Auf dem Weg zur Entwicklung solcher Intelligenten Informationssysteme stellen sich mehrere zentrale Herausforderungen:
1) Die Datenflut, verursacht durch hochauflösende, hochfrequente Messungen neuartiger Sensoren, die in Echtzeit verarbeitet werden müssen ohne die Kommunikationsnetze dabei zu überlasten;
2) Die Notwendigkeit, komplexe, nichtlineare (nicht-konvexe und kombinatorische) Berechnungen durchzuführen, um aus dieser Datenflut Informationen zu extrahieren;
3) Der Umgang mit Unsicherheiten, verursacht durch verrauschte Daten, die in den Berechnungen eine zentrale Rolle spielen.
Dieses Projekt hat das Ziel, diese Herausforderungen geschlossen anzugehen, durch Zusammenführung dreier Schlüsselkonzepte: Sparsity (Dünnbesetzheit; kombinatorische Struktur in natürlich auftretenden Signalen); Submodularität (eine mathematische Eigenschaft kombinatorischer Probleme, die die Entwicklung effizienter Algorithmen ermöglicht) sowie Bayes’scher Inferenz (die robusten Umgang mit Unsicherheit erlaubt). Diese Konzepte wurden bisher weitgehend unabhängig voneinander untersucht. Wir sind davon überzeugt, dass Synergien zwischen diesen zentralen Konzepten von IIS nur in einem gemeinschaftlichen Ansatz entdeckt und nutzbar gemacht werden können. In diesem Projekt werden wir neuartige Algorithmen entwickeln, die diese Schlüsselkonzepte zusammenführen, sie theoretisch untersuchen und in verschiedenen Anwendungen im Bereich Umweltbeobachtung, medizinische Bildgebung sowie Bildverstehen einsetzen und evaluieren.

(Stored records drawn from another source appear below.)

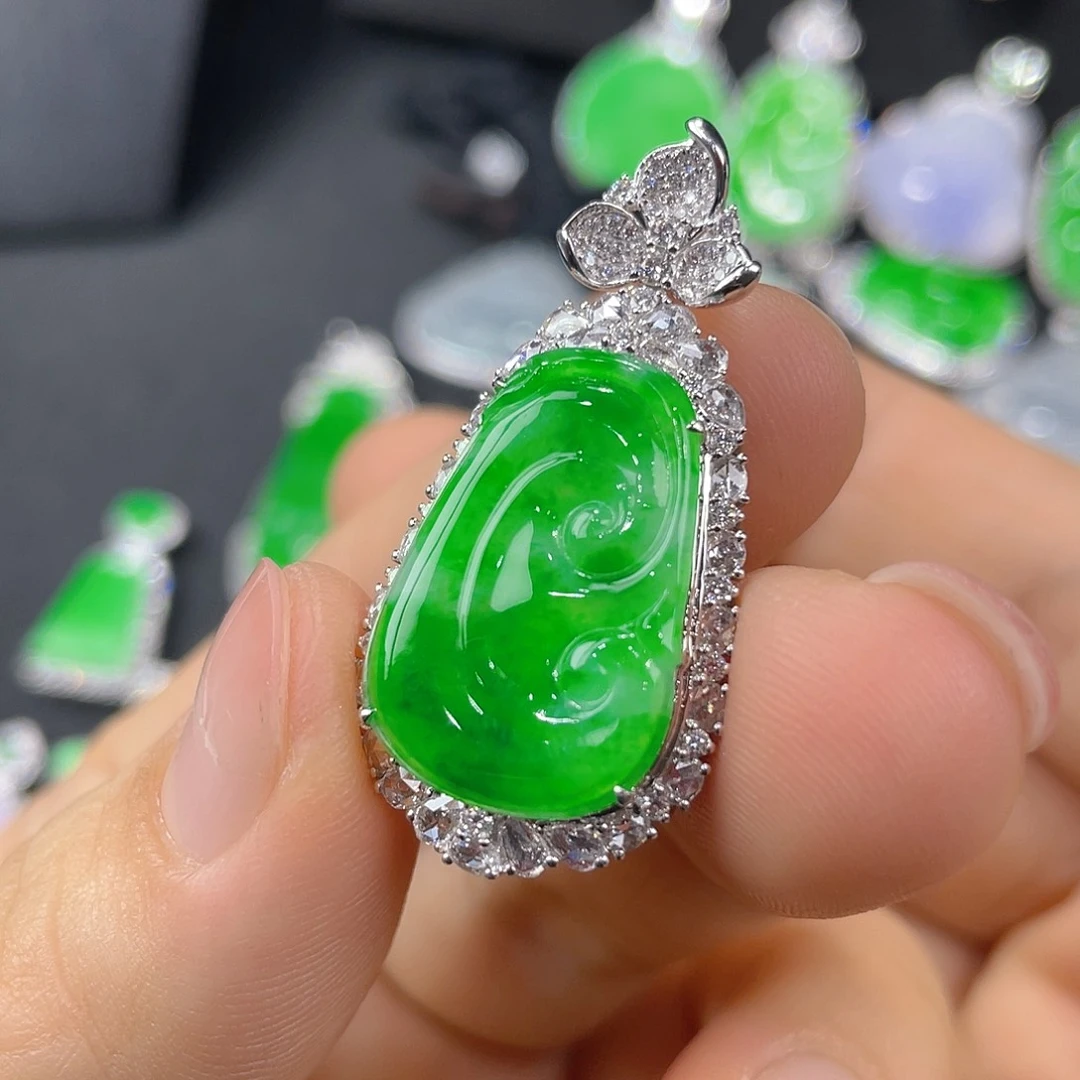 翡翠18K金镶嵌颈饰翡翠如意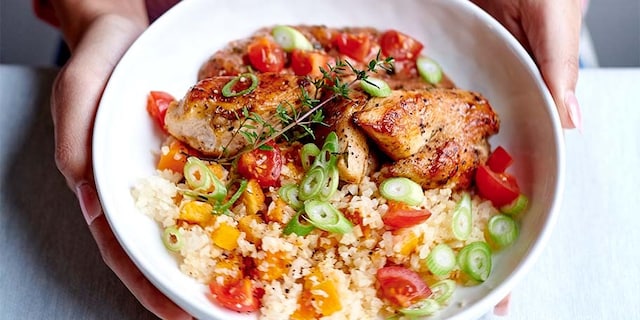 Poulet, riz de chou-fleur avec butternut et tomates cerises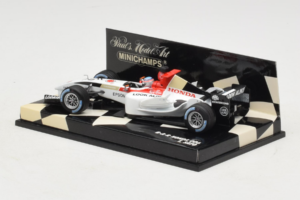BAR 006 Honda #10 T. Sato BAR Honda F1 Team 2004 Minichamps 1:43 400040010 Metāls — attēls 3 no 5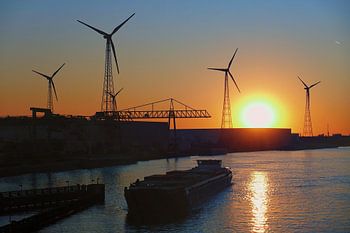 Schip bij zonsondergang.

Scalable and Accurate Quantum Tomography

Swiss National Science Foundation (200021-146750)

Dates: 2013-2016 [PhD student: Yen-Huan Li]

In this project, we are concerned with optimized information extraction from quantum measurements. Our key contention is that while the ambient dimension is large in quantum tomography, the relevant state information therein resides in a much lower dimensional space due to physical nature of the quantum systems. We use this powerful observation to develop new theory and algorithms under a low-dimensional modeling for information extraction from low-dimensional or incomplete data.

Theory and methods for compressive sensing with graphical models [GM-CS]

Swiss National Science Foundation (200021-132620)
Dates: 2011-2013 [PhD student: Anastasios Kyrillidis]

Compressive sensing (CS) is an emerging alternative to Shannon/Nyquist sampling paradigm for simultaneous sensing and compression of signals having a sparse representation. By sparse representation, we mean the signal can be well approximated by a few nonzero coefficients in some basis. According to CS, the number of compressive measurements for stable recovery is proportional to the signal sparsity, rather than to its Fourier bandwidth. For this reason, CS permits revolutionary new sensing designs and algorithms for dimensionality reduction.

This project exploits probabilistic graphical models in CS as realistic signal models that can capture underlying, application dependent order of sparse coefficients, and as sampling matrices with information preserving properties that can be implemented in practical systems.